Mount Vernon is a census-designated place (CDP) and unincorporated community in Fairfax County, Virginia, United States. The population was 12,914 at the 2020 census. Primarily due to its historical significance and natural recreation and beauty, the Mount Vernon area receives over one million tourists each year.

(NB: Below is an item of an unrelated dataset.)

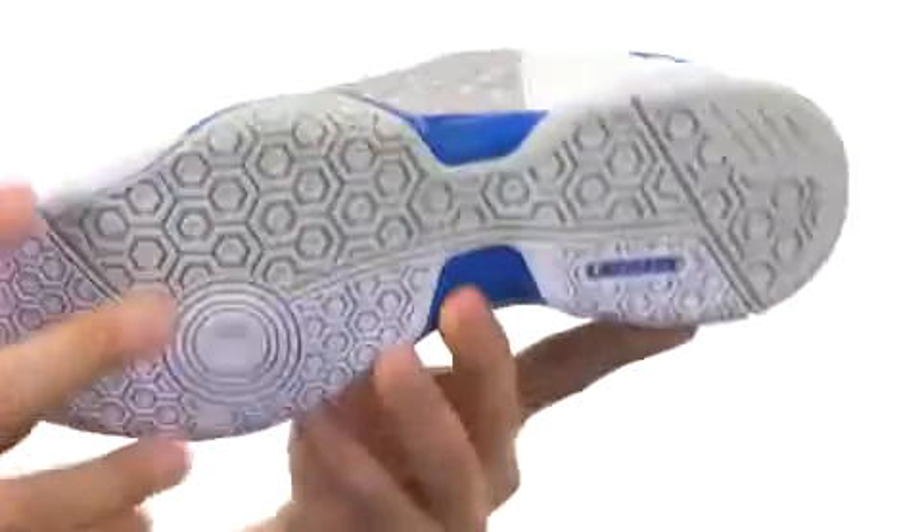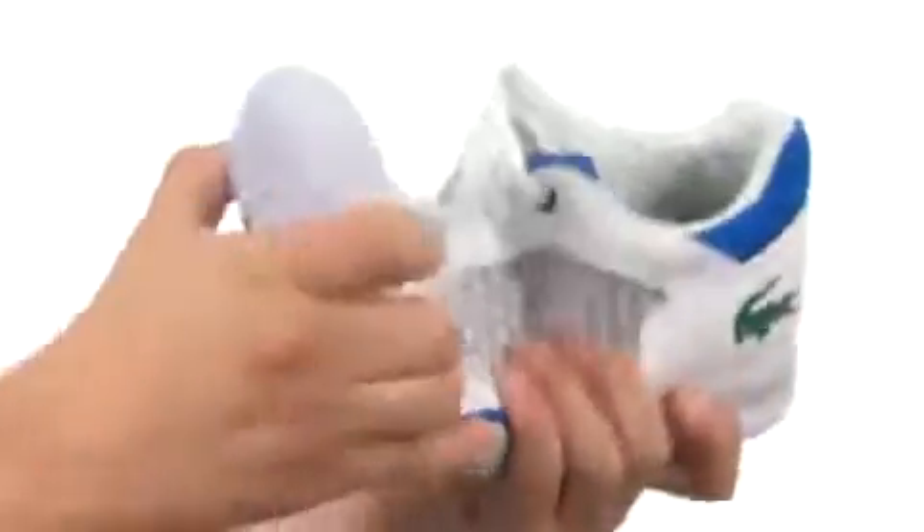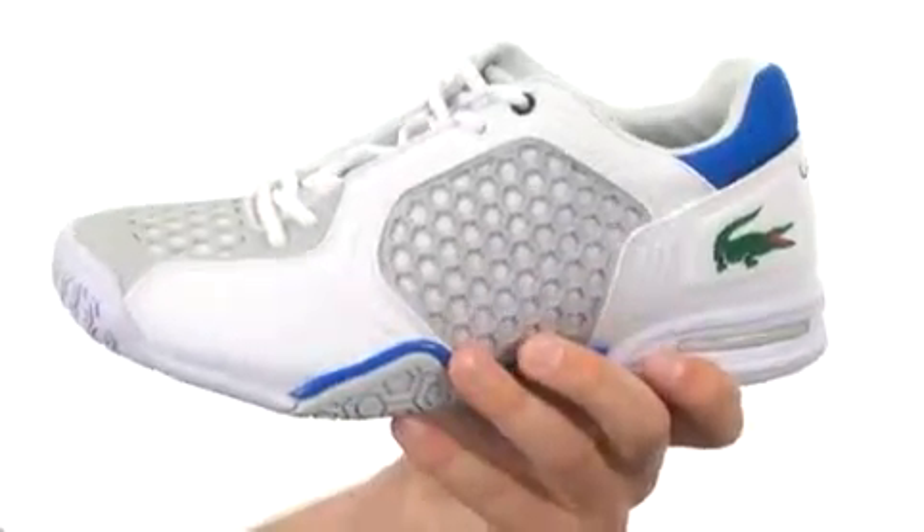Here on the bottom, we have a durable synthetic outsole that's gonna help keep you nice and steady on the court, and it's also got a really good flex. Don't let them pass you by — they are from LaCoste.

While the name "Mount Vernon"—drawn from the Mount Vernon estate, the home of George Washington located south of Alexandria—is often used locally to refer to the entire unincorporated area between Old Town Alexandria and Fort Belvoir, Mount Vernon as defined by the Census Bureau encompasses only the portion bounded by the Potomac River to the south, Fort Belvoir to the west, U.S. Route 1 to the north, and Little Hunting Creek to the east.

==History==
The Mount Vernon area is all land which was once a part of the farms of George and Martha Washington's expansive Mount Vernon estate. Much of the land was gradually donated through the dying wishes of George and Martha Washington to the public and others who are affiliated with the Washington family. The Neighboring/incorporated Woodlawn Plantation and area which was given to Martha Washington's granddaughter, Eleanor Parke Custis Lewis. The Gum Springs portion was established by slaves and blacks which were generally escaped or freed slaves from the Mount Vernon Estate and area.

Beginning with the 2010 United States census, the U.S. Census Bureau defined the portion of Mount Vernon north of U.S. Route 1 as a separate CDP, Woodlawn, reducing Mount Vernon's land area by approximately a third and its population by more than half.

==Geography==
Mount Vernon is located at (38.7351590, −77.0953670) at an elevation of 79 ft. Located on U.S. Route 1 in Northern Virginia, Mount Vernon is 13 mi south-southwest of downtown Washington, D.C. and 13 mi southeast of Fairfax, the county seat.

Mount Vernon sits on the Atlantic Coastal Plain on the north side of the Potomac River. Two small tributaries of the river flow south through the CDP: Dogue Creek runs through the western part of the CDP, and Little Hunting Creek forms the CDP's eastern border.

According to the United States Census Bureau, the CDP has a total area of 6.07 sqmi of which 5.24 sqmi is land and 0.83 sqmi (14%) is water.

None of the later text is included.